**Your goal:** Output exactly, in the material below, the lines from the one with "R&B | Baumwollweste" through the one with "IP3 8RD map". Omit all pictures.

**Dataset section:**
● ● ● ● ● ● ●

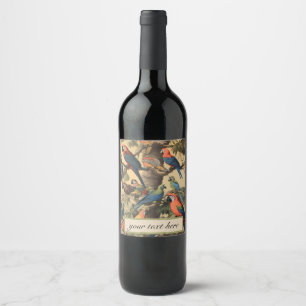 Étiquette Pour Bouteilles De Vin Réserve sur mesure Canopée perroquet Botanique vin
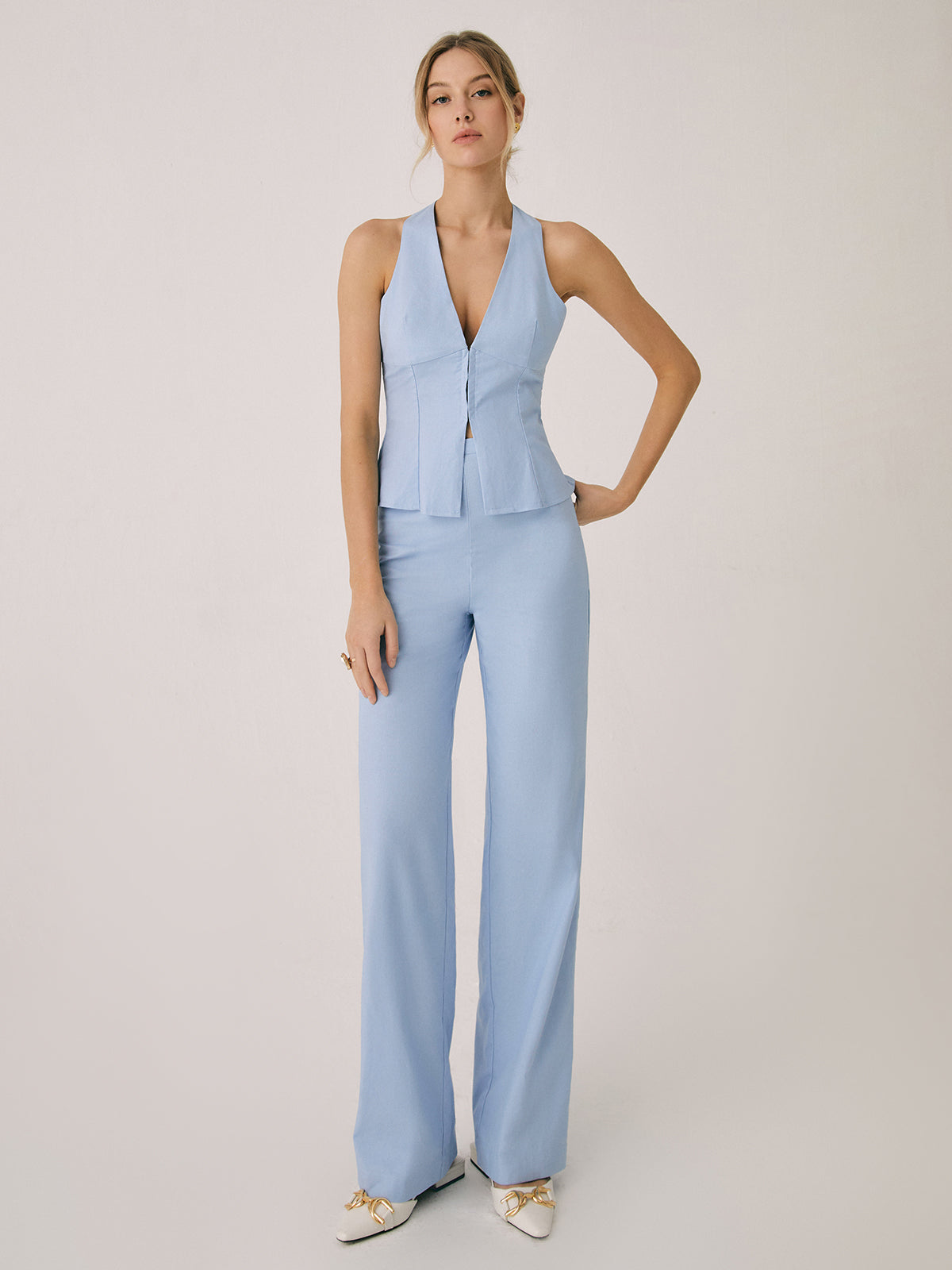 R&B | Baumwollweste mit Geraden Beinhosen Set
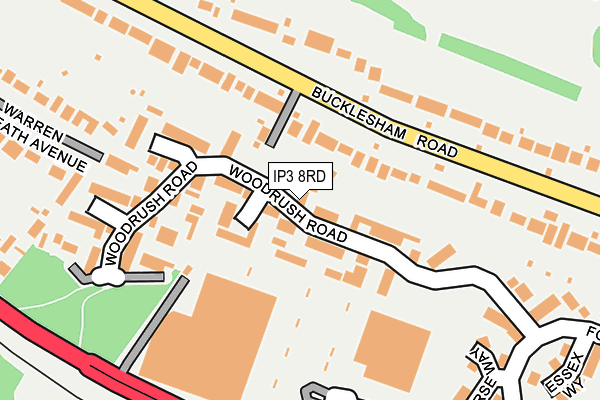 IP3 8RD map - OS OpenMap – Local (Ordnance Survey)
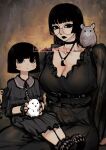  2girls age_difference animal animal_on_lap animal_on_shoulder ayaki_d belt black-framed_eyewear black_choker black_eyes black_lips black_nails blunt_bangs blush breasts child chinchilla_(animal) choker cleavage collarbone commentary curvy dress english_commentary glasses gothic grey_dress highres hime_cut large_breasts long_dress long_hair looking_at_viewer mixed-language_commentary multiple_belts multiple_girls nail_polish on_lap original pale_skin plunging_neckline round_eyewear short_hair siblings sisters sitting sylense_(ayaki) twitter_username watermark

● ● ● ● ● ● ●

**Result below:**
 R&B | Baumwollweste mit Geraden Beinhosen Set
 IP3 8RD map - OS OpenMap – Local (Ordnance Survey)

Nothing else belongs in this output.